(Data records)
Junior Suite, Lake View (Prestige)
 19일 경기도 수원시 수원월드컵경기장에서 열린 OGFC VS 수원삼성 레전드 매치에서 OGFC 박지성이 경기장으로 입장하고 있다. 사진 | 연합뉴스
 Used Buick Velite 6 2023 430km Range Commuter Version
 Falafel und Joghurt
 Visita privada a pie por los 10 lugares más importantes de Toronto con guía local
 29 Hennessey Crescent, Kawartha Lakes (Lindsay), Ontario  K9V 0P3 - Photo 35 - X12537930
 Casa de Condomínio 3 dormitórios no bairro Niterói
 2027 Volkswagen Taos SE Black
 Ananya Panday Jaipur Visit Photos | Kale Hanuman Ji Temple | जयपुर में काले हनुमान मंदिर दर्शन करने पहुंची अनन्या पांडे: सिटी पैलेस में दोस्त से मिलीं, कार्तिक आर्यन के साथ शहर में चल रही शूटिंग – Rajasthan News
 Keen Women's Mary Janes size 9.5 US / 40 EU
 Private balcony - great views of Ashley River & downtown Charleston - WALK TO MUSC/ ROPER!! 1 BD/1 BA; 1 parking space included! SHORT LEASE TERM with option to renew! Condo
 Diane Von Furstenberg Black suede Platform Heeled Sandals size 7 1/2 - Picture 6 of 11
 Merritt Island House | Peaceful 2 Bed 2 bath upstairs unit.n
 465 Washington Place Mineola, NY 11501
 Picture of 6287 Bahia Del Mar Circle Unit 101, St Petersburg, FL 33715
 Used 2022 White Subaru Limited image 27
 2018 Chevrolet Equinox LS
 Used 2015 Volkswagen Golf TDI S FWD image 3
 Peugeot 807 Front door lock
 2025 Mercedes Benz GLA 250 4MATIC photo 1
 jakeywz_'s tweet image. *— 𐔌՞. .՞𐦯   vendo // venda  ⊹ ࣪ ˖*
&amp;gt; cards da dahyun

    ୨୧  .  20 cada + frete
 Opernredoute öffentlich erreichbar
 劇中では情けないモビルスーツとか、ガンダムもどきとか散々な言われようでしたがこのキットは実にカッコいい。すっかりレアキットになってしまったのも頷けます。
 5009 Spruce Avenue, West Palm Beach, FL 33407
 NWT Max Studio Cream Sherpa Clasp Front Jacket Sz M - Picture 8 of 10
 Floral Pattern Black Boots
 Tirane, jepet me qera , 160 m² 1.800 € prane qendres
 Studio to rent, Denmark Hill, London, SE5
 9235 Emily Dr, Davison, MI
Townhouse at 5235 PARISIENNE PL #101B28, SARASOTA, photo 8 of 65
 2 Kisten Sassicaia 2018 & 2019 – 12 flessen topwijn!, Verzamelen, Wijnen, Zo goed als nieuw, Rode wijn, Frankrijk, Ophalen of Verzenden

The task:
Repeat all of the data exactly.

Exercise answer:
Junior Suite, Lake View (Prestige)
 19일 경기도 수원시 수원월드컵경기장에서 열린 OGFC VS 수원삼성 레전드 매치에서 OGFC 박지성이 경기장으로 입장하고 있다. 사진 | 연합뉴스
 Used Buick Velite 6 2023 430km Range Commuter Version
 Falafel und Joghurt
 Visita privada a pie por los 10 lugares más importantes de Toronto con guía local
 29 Hennessey Crescent, Kawartha Lakes (Lindsay), Ontario  K9V 0P3 - Photo 35 - X12537930
 Casa de Condomínio 3 dormitórios no bairro Niterói
 2027 Volkswagen Taos SE Black
 Ananya Panday Jaipur Visit Photos | Kale Hanuman Ji Temple | जयपुर में काले हनुमान मंदिर दर्शन करने पहुंची अनन्या पांडे: सिटी पैलेस में दोस्त से मिलीं, कार्तिक आर्यन के साथ शहर में चल रही शूटिंग – Rajasthan News
 Keen Women's Mary Janes size 9.5 US / 40 EU
 Private balcony - great views of Ashley River & downtown Charleston - WALK TO MUSC/ ROPER!! 1 BD/1 BA; 1 parking space included! SHORT LEASE TERM with option to renew! Condo
 Diane Von Furstenberg Black suede Platform Heeled Sandals size 7 1/2 - Picture 6 of 11
 Merritt Island House | Peaceful 2 Bed 2 bath upstairs unit.n
 465 Washington Place Mineola, NY 11501
 Picture of 6287 Bahia Del Mar Circle Unit 101, St Petersburg, FL 33715
 Used 2022 White Subaru Limited image 27
 2018 Chevrolet Equinox LS
 Used 2015 Volkswagen Golf TDI S FWD image 3
 Peugeot 807 Front door lock
 2025 Mercedes Benz GLA 250 4MATIC photo 1
 jakeywz_'s tweet image. *— 𐔌՞. .՞𐦯   vendo // venda  ⊹ ࣪ ˖*
&amp;gt; cards da dahyun

    ୨୧  .  20 cada + frete
 Opernredoute öffentlich erreichbar
 劇中では情けないモビルスーツとか、ガンダムもどきとか散々な言われようでしたがこのキットは実にカッコいい。すっかりレアキットになってしまったのも頷けます。
 5009 Spruce Avenue, West Palm Beach, FL 33407
 NWT Max Studio Cream Sherpa Clasp Front Jacket Sz M - Picture 8 of 10
 Floral Pattern Black Boots
 Tirane, jepet me qera , 160 m² 1.800 € prane qendres
 Studio to rent, Denmark Hill, London, SE5
 9235 Emily Dr, Davison, MI
Townhouse at 5235 PARISIENNE PL #101B28, SARASOTA, photo 8 of 65
 2 Kisten Sassicaia 2018 & 2019 – 12 flessen topwijn!, Verzamelen, Wijnen, Zo goed als nieuw, Rode wijn, Frankrijk, Ophalen of Verzenden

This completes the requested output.